Those tugs of loyalties reemerge under Obama administration

By Bruce Kesler

Bruce Kesler

ENCINITAS, California–I came into this world a few months before Israel; we’re both 62. I’ve had a life thankful to the security in the United States for my and my immediate family who escaped Europe’s persecutions and murders, and the opportunities in the US.  I’ve relied upon my exertions to give back in service and sacrifice, in appreciation and selfish preservation of these conditions.

Similarly has Israel.  From Israel’s intellectual and military might the world benefits in the sciences, in inventions, and in manning the front-lines against the avowed armed enemies of the West and modern civilization.

Tomorrow, April 20, 2010, is Yom Ha’atzmaut, Israel Independence Day, the day in the Hebrew calendar that corresponds to May 14, 1948.  It fittingly begins the moment that ends Israel’s Memorial Day, Yom Hazikaron, Remembrance Day for Israel’s Fallen Soldiers and Victims of Terror.  The two are that interlinked.
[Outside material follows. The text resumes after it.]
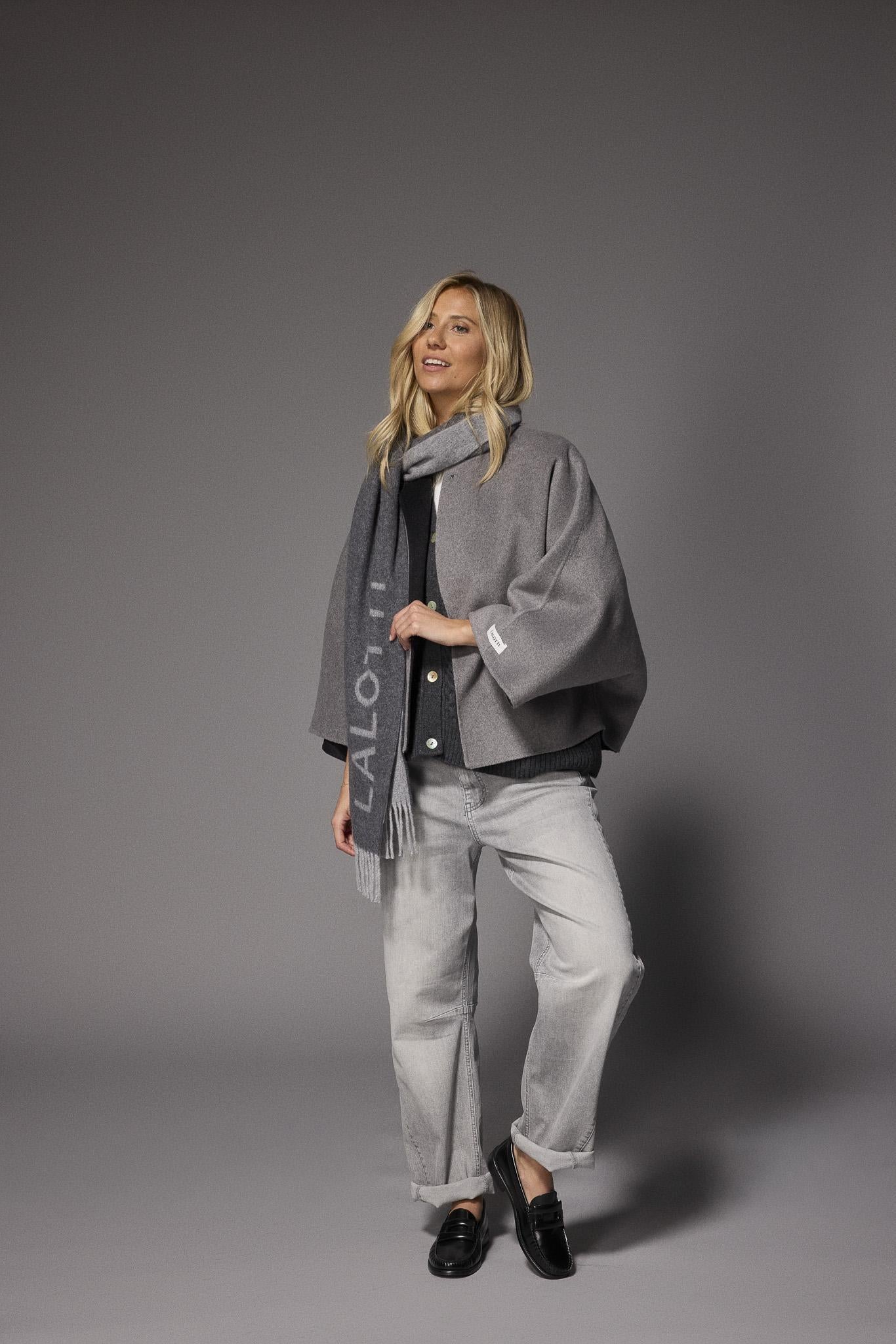 LL scarf - Grey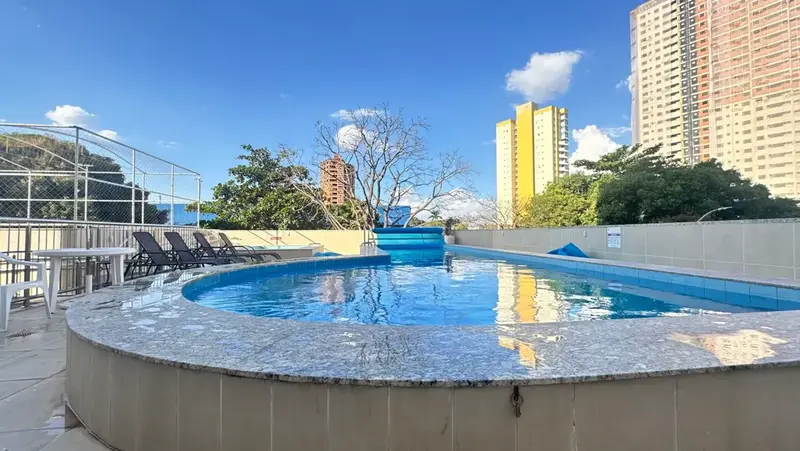 Piscina do Residencial Solar Amazônia, Parque Amazônia em Goiânia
In my youth in the early 1950’s, it was a common question whether American Jews owed first loyalty to the US or Israel.  As bigotry declined in the US and Israel was seen as our firm ally during the Cold War, that question evaporated.  Until a new bigotry arose among the extreme Left, viewing the elimination of Israel as another way to deteriorate the West, and the extreme semi-isolationist Right, viewing Israel as no longer worth the alliance in the new Cold War against Islamist terrorism and its national bases.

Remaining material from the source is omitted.